2022 Knoxville Nationals

Info Guide For Championship Saturday At The 2022 Knoxville Nationals

Info Guide For Championship Saturday At The 2022 Knoxville Nationals

Everything you need to know before Championship Saturday at the Knoxville Nationals.

Aug 13, 2022 by Kyle McFadden
Info Guide For Championship Saturday At The 2022 Knoxville Nationals

The Granddaddy of Them All has reached the moment of truth, as the 61st Knoxville Nationals culminates in the 50-lap grand finale tonight on the legendary half-mile at Marion County Fairgrounds.

Perhaps no Knoxville Nationals in recent memory has been more difficult to foretell than this week’s grandest spectacle in all of Sprint Car racing. Last year, the Knoxville Nationals was just another fitting crown jewel win on Kyle Larson’s prolific 2021 ledger. In 2019, David Gravel swept the week at Knoxville for his first Nationals title.

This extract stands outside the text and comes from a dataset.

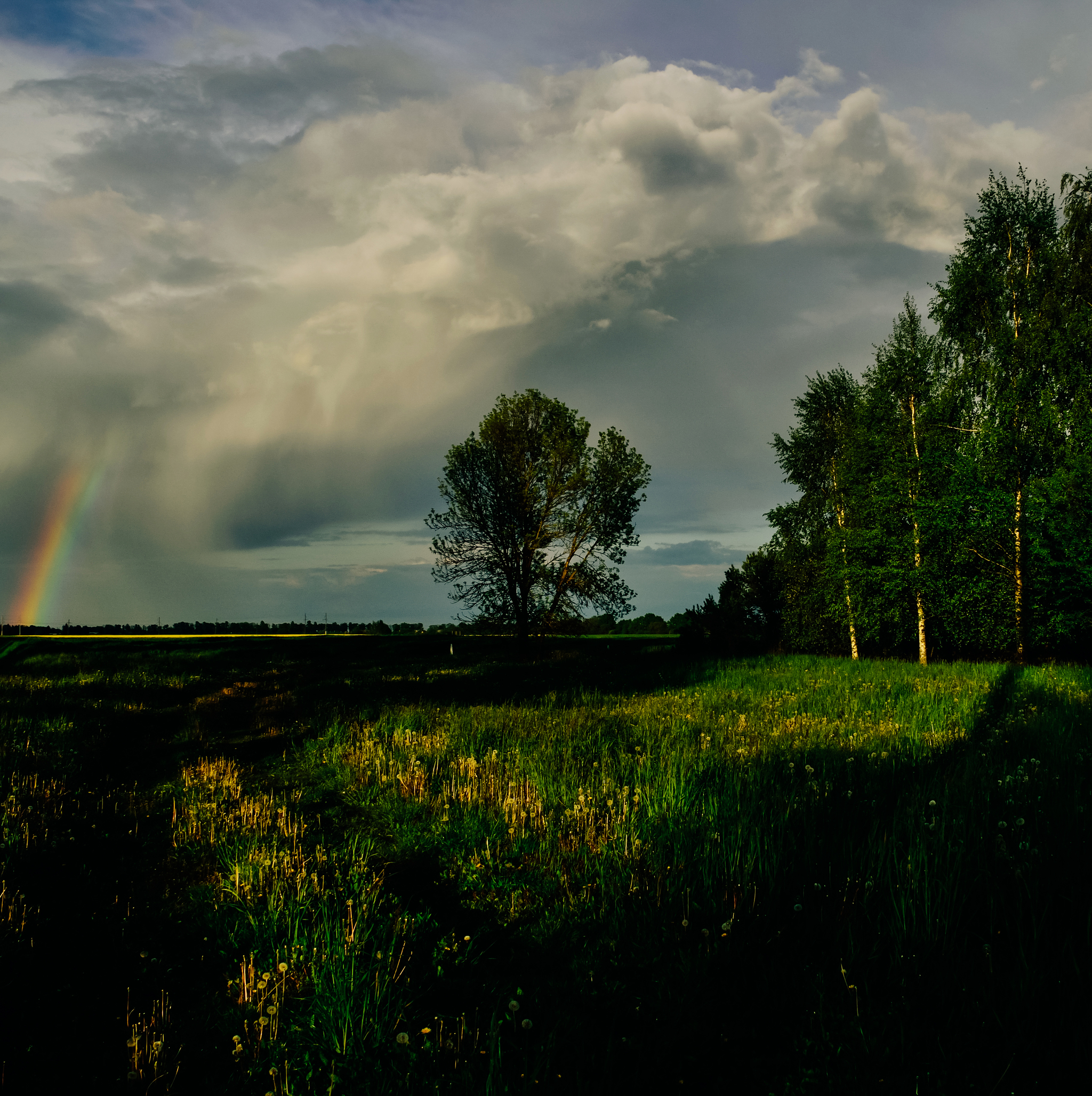 Summer landscape - My, The photo, Photographer, Landscape, Nikon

In 2018, Brad Sweet coupled his first World of Outlaws championship with his first Knoxville Nationals win. In the years before that, Donny Schatz collected 10 of the 12 Knoxville Nationals contested.

This year, with nobody in Sprint Car racing exactly taking the sport by storm, the event’s past three champions see tonight’s Knoxville Nationals as wide open.

“I’ll say, I don’t feel like there’s a clear favorite,” Sweet said. “There’s a lot of good guys in front of me. I watched Wednesday and saw Donny was really good. Kyle had some speed. He starts sixth. David Gravel’s up there. We start ninth. Carson Macedo starts fifth. I mean, at the end of the 50 laps, you’ll see the cream rise to the top. Obviously there’s some darkhorses toward the front, and nothing surprises you here at Knoxville. It’s going to be a great race.”

Knoxville regular Austin McCarl of Altoona, Iowa, is an unlikely polesitter, but he’s had speed all week and did something no other heavy-hitter could do on Thursday’s prelim: qualify fifth, go eighth to fourth in his heat and eighth to fourth in the 25-lap feature.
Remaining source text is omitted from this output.